Bardzo zaskoczyły mnie początkowe frazy książki, z których dowiedziałem się (być może to wstyd, że nie wiedziałem wcześniej), że „Kiedy Banksy wyłonił się z undergroundowej sceny street artu w Bristolu na początku lat 90. XX wieku, historia sztuki szamotała się, była na granicy wyczerpania i niektórzy pozostawili ją na pewną śmierć”. O końcu historii, który jakże fałszywie ogłosił w 1992 r. Francis Fukuyama, wiedziałem, ale że Arthur Danto – amerykański filozof i historyk sztuki mówił, że ludzkość doczekała „końca sztuki”, nie miałem pojęcia. „Nowa sztuka nie była już rozmową z wcześniejszymi działami. Pępowina między przyszłością a przeszłością została przecięta. (…) Historia sztuki dobiegła końca”.

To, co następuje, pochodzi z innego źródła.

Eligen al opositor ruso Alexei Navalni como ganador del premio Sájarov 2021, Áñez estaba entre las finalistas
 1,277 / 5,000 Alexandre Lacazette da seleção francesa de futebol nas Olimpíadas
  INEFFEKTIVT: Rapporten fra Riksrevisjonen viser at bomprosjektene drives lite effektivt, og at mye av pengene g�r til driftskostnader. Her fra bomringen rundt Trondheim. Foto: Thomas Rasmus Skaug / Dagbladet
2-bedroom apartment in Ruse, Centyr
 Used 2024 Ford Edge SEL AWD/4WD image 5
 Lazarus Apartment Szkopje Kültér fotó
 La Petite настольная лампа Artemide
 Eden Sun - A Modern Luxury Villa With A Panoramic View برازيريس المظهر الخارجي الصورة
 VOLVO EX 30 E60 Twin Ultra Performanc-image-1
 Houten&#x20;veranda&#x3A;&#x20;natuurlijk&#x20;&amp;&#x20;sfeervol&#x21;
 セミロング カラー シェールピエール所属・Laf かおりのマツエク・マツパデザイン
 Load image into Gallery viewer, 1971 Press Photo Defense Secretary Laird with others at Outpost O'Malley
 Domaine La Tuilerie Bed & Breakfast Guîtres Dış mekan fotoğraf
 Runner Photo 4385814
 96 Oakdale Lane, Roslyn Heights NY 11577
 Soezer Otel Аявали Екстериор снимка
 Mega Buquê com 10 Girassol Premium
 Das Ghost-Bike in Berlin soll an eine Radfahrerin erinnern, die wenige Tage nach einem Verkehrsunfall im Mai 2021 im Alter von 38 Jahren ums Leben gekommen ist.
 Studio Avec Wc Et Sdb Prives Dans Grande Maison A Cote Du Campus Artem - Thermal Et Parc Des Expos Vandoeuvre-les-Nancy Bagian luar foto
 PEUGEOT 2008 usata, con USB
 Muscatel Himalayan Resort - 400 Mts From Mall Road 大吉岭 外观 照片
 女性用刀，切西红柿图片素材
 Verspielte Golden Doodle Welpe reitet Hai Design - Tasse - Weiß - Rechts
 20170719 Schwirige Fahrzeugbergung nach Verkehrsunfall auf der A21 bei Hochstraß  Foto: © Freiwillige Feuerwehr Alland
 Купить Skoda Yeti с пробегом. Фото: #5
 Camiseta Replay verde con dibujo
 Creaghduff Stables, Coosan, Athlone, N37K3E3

Z tej teorii zrodził się tytuł książki Groviera, bowiem Banksy czerpał z dawnych mistrzów i nadawał im nowe życie. Dokonał restauracji dawnych dzieł i wprowadził je do świadomości tu i teraz.

Jest jeszcze jedna myśl, która wymaga głębszego rozeznania. Grovier pisze – upraszczam teraz tę tezę – że my patrzymy na dzieła dawnych mistrzów, ale ich nie widzimy, a więc nie rozumiemy. Dzięki tej książce i dzięki Banksy’emu to może się zmienić.

Nie mam kompetencji, by oceniać, które z dzieł Banksy’ego jest najlepsze, nie mam pojęcia o technikach, jakimi posługuje się jego sztuka, mogę tylko powiedzieć, co zrobiło na mnie największe wrażenie. Otóż był to obraz Milleta pt. „Zbierające kłosy”, prezentujący trzy wieśniaczki zgięte w pół, by wybrać z ziemi pozostałości po zbiorach. Jak pisze Grovier, one w tej łamiącej kręgosłup pozie tkwią już od połowy XIX wieku, a więc potwornie długo. Tymczasem Banksy dał im ulgę, jedną z nich wyjął z obrazu i pozwolił niedbale usiąść z papierosem w ręce, w wygodnej pozie na ramie.

Jestem pewien, że ta książka będzie dla każdego źródłem wielu inspiracji. Zapewne dla każdego innych. I będzie to dobre.